[The input]
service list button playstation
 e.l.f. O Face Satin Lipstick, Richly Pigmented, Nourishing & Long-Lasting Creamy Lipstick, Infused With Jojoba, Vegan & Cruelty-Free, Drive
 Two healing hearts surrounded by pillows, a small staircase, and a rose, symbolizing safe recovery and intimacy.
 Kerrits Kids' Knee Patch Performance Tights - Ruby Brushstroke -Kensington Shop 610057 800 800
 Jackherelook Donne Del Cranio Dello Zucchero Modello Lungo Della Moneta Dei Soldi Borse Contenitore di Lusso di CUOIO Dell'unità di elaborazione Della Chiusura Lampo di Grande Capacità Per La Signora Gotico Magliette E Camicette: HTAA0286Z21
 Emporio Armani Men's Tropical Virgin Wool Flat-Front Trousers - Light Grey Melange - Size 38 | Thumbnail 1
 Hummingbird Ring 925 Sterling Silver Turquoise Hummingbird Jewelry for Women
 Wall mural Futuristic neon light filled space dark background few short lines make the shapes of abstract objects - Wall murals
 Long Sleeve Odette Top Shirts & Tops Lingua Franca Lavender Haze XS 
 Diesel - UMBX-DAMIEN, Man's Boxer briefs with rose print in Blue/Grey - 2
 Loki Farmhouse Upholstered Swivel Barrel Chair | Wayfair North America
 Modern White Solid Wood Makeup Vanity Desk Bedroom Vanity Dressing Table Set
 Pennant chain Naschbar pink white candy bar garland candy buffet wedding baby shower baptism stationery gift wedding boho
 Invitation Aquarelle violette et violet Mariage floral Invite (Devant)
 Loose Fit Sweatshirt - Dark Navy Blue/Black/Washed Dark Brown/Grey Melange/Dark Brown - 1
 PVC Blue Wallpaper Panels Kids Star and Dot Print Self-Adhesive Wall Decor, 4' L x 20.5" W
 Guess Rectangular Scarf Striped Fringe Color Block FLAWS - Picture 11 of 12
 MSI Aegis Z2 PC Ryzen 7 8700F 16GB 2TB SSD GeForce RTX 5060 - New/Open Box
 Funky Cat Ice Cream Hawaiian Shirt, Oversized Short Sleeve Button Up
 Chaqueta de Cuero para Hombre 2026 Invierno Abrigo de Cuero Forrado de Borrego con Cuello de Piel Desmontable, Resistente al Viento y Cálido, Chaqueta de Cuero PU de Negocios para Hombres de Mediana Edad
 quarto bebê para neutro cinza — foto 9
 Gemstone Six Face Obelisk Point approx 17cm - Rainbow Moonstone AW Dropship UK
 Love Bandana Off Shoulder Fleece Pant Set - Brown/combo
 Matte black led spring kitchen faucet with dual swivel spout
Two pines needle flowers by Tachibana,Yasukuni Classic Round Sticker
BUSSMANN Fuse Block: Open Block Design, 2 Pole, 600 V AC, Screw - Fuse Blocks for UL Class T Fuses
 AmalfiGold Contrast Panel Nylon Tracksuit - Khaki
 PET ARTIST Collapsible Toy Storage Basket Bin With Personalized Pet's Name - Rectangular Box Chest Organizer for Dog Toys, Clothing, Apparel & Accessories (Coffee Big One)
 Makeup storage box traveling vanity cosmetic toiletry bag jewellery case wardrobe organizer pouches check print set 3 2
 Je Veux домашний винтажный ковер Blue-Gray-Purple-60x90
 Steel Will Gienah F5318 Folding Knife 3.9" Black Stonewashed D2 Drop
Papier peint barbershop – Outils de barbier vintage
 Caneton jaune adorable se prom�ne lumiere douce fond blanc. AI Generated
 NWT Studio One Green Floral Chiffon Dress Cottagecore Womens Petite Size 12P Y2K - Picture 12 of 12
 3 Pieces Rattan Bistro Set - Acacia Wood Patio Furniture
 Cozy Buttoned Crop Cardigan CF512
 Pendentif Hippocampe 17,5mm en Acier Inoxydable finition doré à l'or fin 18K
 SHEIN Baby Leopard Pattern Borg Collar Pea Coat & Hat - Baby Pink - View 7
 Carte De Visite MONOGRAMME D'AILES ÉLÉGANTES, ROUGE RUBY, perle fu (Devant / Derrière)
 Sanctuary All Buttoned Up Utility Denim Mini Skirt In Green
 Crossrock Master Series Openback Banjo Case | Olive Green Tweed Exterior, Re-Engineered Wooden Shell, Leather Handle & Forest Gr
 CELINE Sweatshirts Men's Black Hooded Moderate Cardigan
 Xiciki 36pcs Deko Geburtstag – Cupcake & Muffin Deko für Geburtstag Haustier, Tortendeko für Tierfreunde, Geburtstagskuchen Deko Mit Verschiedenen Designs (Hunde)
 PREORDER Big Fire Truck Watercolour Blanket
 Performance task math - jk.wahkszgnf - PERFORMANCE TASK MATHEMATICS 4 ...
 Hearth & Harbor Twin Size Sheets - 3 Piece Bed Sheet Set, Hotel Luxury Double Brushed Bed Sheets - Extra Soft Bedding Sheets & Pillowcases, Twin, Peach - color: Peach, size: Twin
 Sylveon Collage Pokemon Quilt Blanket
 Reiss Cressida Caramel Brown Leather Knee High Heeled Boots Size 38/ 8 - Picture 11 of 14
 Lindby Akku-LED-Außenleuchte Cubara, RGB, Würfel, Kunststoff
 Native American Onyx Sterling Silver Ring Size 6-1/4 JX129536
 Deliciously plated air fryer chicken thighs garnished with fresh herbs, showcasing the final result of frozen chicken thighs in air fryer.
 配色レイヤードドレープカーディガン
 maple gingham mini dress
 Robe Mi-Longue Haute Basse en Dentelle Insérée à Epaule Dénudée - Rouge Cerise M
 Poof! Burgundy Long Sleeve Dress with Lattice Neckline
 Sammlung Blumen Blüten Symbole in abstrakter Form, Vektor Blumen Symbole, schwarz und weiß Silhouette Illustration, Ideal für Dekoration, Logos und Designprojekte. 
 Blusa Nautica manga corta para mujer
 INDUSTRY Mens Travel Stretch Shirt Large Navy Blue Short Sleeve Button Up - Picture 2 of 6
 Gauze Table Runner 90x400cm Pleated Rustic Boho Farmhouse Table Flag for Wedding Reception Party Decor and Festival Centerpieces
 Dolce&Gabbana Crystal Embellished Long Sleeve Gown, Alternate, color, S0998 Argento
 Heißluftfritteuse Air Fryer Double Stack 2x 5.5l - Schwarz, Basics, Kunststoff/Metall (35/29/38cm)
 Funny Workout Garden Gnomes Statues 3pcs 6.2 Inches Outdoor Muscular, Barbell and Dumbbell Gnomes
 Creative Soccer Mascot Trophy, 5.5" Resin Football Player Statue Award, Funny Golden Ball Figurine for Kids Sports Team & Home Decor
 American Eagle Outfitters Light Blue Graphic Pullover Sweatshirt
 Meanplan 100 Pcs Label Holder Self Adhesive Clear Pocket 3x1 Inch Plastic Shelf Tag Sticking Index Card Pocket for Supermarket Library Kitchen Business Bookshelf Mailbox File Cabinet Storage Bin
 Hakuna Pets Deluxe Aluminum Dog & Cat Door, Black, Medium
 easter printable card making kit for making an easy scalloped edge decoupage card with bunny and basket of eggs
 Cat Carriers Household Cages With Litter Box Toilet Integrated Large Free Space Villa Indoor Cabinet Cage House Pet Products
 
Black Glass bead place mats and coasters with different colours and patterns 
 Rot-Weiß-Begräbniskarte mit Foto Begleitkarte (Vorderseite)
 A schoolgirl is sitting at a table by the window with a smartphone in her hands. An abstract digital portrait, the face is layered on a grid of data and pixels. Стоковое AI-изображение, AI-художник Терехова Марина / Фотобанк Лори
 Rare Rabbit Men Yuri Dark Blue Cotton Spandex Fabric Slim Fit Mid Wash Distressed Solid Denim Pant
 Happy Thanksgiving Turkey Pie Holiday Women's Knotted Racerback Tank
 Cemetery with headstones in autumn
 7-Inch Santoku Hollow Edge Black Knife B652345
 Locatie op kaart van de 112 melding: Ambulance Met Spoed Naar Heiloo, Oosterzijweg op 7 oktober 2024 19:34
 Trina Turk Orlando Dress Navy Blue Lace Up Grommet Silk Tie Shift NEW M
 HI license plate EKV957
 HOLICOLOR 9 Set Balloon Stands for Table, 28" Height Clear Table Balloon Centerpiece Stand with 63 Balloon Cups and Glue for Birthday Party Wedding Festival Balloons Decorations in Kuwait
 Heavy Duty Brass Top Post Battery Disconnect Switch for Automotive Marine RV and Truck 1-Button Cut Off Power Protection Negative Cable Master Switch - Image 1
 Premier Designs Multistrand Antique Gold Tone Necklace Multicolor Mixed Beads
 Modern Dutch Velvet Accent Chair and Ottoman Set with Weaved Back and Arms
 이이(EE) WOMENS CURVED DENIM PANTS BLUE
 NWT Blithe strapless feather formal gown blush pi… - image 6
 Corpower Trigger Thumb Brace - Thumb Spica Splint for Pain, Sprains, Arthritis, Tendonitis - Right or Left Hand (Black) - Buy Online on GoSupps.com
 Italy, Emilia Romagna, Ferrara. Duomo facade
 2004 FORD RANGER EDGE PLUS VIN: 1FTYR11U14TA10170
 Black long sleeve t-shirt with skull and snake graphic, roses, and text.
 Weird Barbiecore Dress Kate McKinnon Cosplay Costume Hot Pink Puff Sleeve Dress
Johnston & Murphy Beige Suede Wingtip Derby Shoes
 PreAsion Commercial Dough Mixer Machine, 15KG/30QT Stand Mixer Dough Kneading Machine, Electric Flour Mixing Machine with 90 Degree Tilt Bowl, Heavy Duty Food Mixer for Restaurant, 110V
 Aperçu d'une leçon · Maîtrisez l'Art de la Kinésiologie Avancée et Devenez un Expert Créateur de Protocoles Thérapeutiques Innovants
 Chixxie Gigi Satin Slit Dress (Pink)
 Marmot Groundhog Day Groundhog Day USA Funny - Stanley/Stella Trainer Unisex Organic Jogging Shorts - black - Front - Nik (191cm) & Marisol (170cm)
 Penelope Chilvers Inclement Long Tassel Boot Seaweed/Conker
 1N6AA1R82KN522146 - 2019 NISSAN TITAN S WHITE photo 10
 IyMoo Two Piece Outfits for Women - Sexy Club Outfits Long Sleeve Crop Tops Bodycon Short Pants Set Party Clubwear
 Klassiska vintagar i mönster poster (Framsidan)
[/The input]
Task to complete –
Every line containing the string "Adhesive" should be pulled from the listing and copied.

Result –
 PVC Blue Wallpaper Panels Kids Star and Dot Print Self-Adhesive Wall Decor, 4' L x 20.5" W
 Meanplan 100 Pcs Label Holder Self Adhesive Clear Pocket 3x1 Inch Plastic Shelf Tag Sticking Index Card Pocket for Supermarket Library Kitchen Business Bookshelf Mailbox File Cabinet Storage Bin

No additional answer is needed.